SchemaEvolution

This is a rough rendering of a page from the old Prevayler wiki. Please see the new wiki for current documentation.

I'm not sure I understand how your system would handle schema evolution (changes to the business classes). How will the snapshot be read?


Some changes in the code are backwards compatible and some are not.

Sometimes it is just a question of declaring a "private static final long serialVersionUID = [any number]" (see Java serialization spec) and being prepared for uninitialized variables.

Sometimes, though, you will have to write specific migration code. Simply load the old classes using one class loader and the new classes using another, since they will probably have the same name.

The advantage is you are writing in Java (and not SQL ou PL) and you can use any business logic already defined in your objects.

Another interesting approach is to have the system running with the new classes querying the old classes, when needed, and migrating the old objects on-the-fly, on demand, until all objects have been migrated.

-- KlausWuestefeld


Actually we are using a code generator to do exactly this in our most
recent web application that utilizes Prevayler. Using an XML export
of the data structure created in Rational Rose we then generate the
following code:
1. All persistent objects (serializable business objects)
    as defined in the schema
2. Store-, Update- and Remove-commands for persistent objects
3. The Prevalent System with TreeMaps for all business objects and
    corresponding store-, update- and remove-methods. This class
    also has findBy Methods to query the TreeMaps.

Using this code generator make schema changes "almost" trivial.
"Almost", because we still have to manually write the migration
code in the changed classes to convert old versions of serialized
classes on the fly. But compared to using a relational database
and a persistence layer, where schema migration is a nightmare,
this is almost heaven!


--MarkusFix


It would be really cool if this project would integrate to a object migration framework.

Then it would be really useful.

I have used the same idea for an earlier project, but I got stranded on object migration.

The thing that really was the "gotcha" on that project was that it seemed that the easiest way to make object migration would be to have data in some meta-format (like a RDBMS or XML) and then manipulate it there.

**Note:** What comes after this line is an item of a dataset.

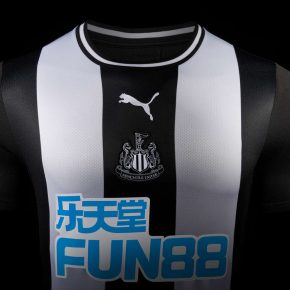 Newcastle United 2019 2020 PUMA Home Football Kit, Soccer Jersey, Shirt, Camiseta, Maillot, Camisa, Trikot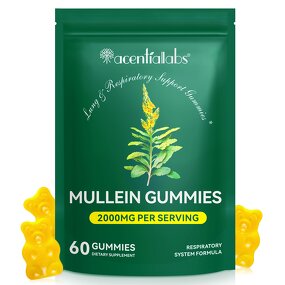 Gummy Manufacturer - Vegan Mullein Leaf 2000mg Lung Respiratory Herbal Supplement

So it seemed that it would have been a better approach to use a normal persistence framework like ObjectBridge in the first place.


Even when working with an SQL database and persistence layer, I prefer to write migration code using my business objects instead of accessing the data directly. It avoids breaking the systems encapsulation (are ALL your consistency rules in the database? ;) and I actually find it easier. I resort to SQL or PL only when I need performance. With all objects in RAM, performance is a different story.

-- KlausWuestefeld


Could you direct me to some project / resource /examples where I can study the issues of object migration in greater detail ?

-- LasseLindgard


Sorry. I cannot point you anywhere particularly interesting. Maybe someone else can.

It is a disgrace that people tend to use OO so weakly (client code for database apps) that this OBJECT schema evolution problem hardly ever crops up.

-- KlausWuestefeld


Yes, I find it rather odd that noone deals with Object Schema Evolution.

I have been searching all over the web and I have not been able to find any articles that deals with it in a serious way.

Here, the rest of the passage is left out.